I shall not here inquire into the nature of this vision, or the power and ability which we shall have in heaven to behold the glory of Christ. Some few things may be mentioned, as it relates unto our minds, and our bodies also, after the resurrection.

1. For the mind, it shall be perfectly freed from all that darkness, unsteadiness, and other incapacities, which here it is accompanied with; and whereby it is weakened, hindered, and obstructed, in the exercise of faith. And they are of two sorts.

(1.) Such as are the remainders of that depravation of our natures which came upon us by sin. Hereby our minds became wholly vain, dark, and corrupt, as the Scripture testifieth, — utterly unable to discern spiritual things in a due manner. This is so far cured and removed in this life by grace, as that those who were darkness do become light in the Lord, or are enabled to live unto God under the conduct of a new spiritual light communicated unto them. But it is so cured and removed in part only, it is not perfectly abolished. Hence are all our remaining weaknesses and incapacities in discerning things spiritual and eternal, which we yet groan under, and long for deliverance from. No footsteps, no scars or marks that ever it had place in our minds shall abide in glory, Eph. v. 27. Nothing shall weaken, disturb, or incapacitate our souls, in acting all their powers, unimpeded by vanity, diversions, weakness, inability, upon their proper objects. The excellency hereof, in universal liberty and power, we cannot here comprehend; nor can we yet conceive the glory and beauty of those immixed spiritual actings of our minds which shall have no clog upon them, no encumbrance in them, no alloy of dross accompanying them. One pure act of spiritual sight in discerning the glory of Christ, — one pure act of love in cleaving unto God, — 382will bring in more blessedness and satisfaction into our minds than in this world we are capable of.

(2.) There is an incapacity in our minds, as unto their actings on things spiritual and eternal, that is merely natural, from the posture wherein they are, and the figure which they are to make in this life. For they are here clothed with flesh, and that debased and corrupted.
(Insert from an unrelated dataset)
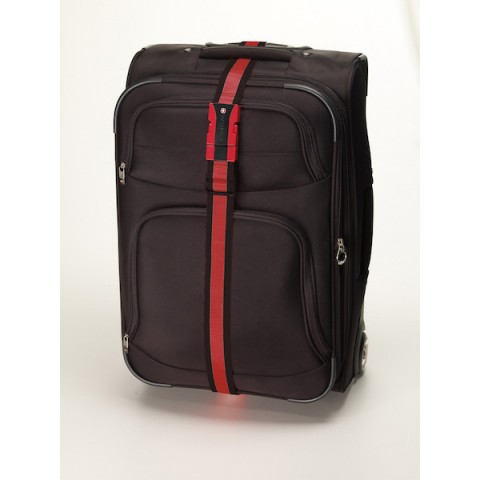 WENGER BAGĀŽAS JOSTA 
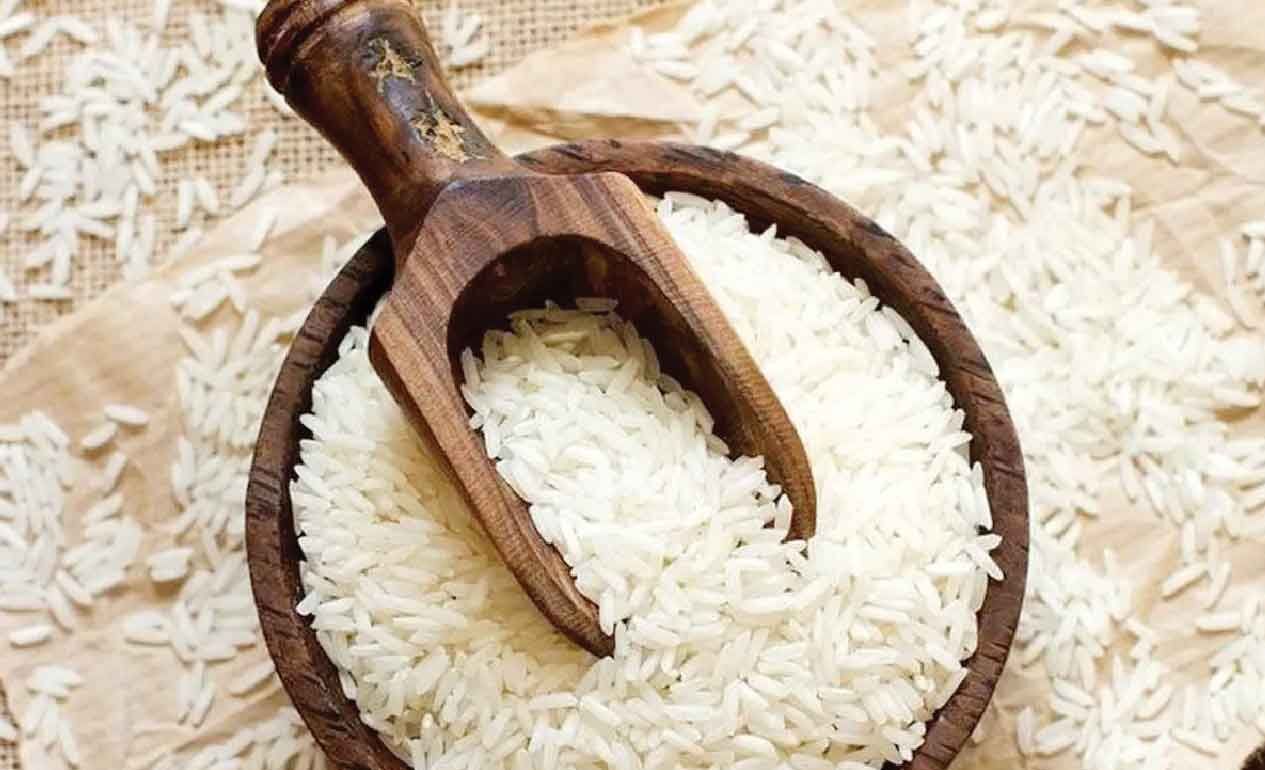 
سازمان‌های نظارتی درخوابند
Now, in this state, though the mind act its conceptions by the body as its organ and instrument, yet is it variously straitened, encumbered, and impeded in the exercise of its native powers, especially towards things heavenly, by this prison of the flesh, wherein it is immured. There is an angelical excellency in the pure actings of the soul when delivered from all material instruments of them, or when they are all glorified and made suitable helps in its utmost spiritual activity. How and by what degrees our minds shall be freed from these obstructions in their beholding the glory of Christ shall be afterward declared.

2. Again, a new light, the light of glory, shall be implanted in them. There is a light in nature, which is the power of a man to discern the things of man; — an ability to know, perceive, and judge of things natural. It is that “spirit of a man” which “is the candle of the Lord, searching all the inward parts of the belly,” Prov. xx. 27.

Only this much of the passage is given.